Charles Dickens would have been amazed and delighted to discover what’s happened to an area he described in Oliver Twist as “dirt-besmeared walls and decaying foundations, every repulsive lineament of poverty, every loathsome indication of filth, rot and garbage”.
It’s different now. I have been smearing walls there with my drawings and paintings – my real passion, when not burbling on about politics. Each year, I have a summer show at Eames Fine Art, and this year it’s particularly scary because I am sharing the space with a great hero, Gillian Ayres. Sometimes you come across art that speaks so directly you never quite recover. Gillian, Britain’s best abstract artist, and a charismatic, pioneering woman, had that effect on me.
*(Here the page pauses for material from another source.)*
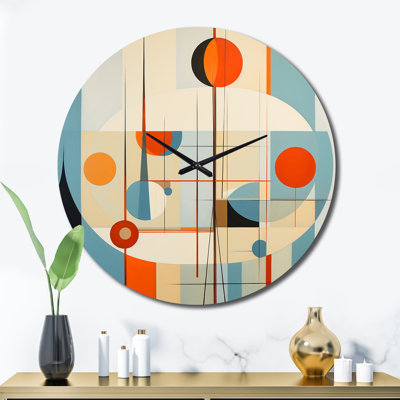 Horloge murale Serendipity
This year’s Eames show is either an act of self-humiliation or pure homage; maybe both. All readers are welcome.
Wisdom in intelligence
There have been many tributes to Alex Younger, the former boss of MI6, who sadly died earlier this month. They’ve included funny stories and lavish praise but they haven’t quite got his remarkable character. He was a neighbour and was becoming a friend. He seemed to look right into you – as you’d hope a spy might – but with humour, scepticism and wisdom.
A scion of the Scottish brewing dynasty, Alex affably deflected inappropriate questions, including about 007-ish life-or-death choices. But another local resident, who had also served in the dark, now in her eighties, was less restrained. Approached by a would-be mugger, she told him: “Young man, you need to know that I could kill you with my little finger.” She wiggled it at him. He thought for a moment. And then he scarpered.
Alto, contralto, castrato
Meanwhile, I went to the Longborough Festival Opera to hear Handel’s Orlando, a huge hit in 1730s, but then, like so many early operas, forgotten about for a couple of centuries. It contains heartbreakingly lovely music, the eponymous hero sung by a fast-rising star, Beth Taylor. Why a woman? Because Handel wrote the part for Francesco Bernardi, the Italian contralto who was castrated aged 13. I wonder what Handel would make of our modern gender politics?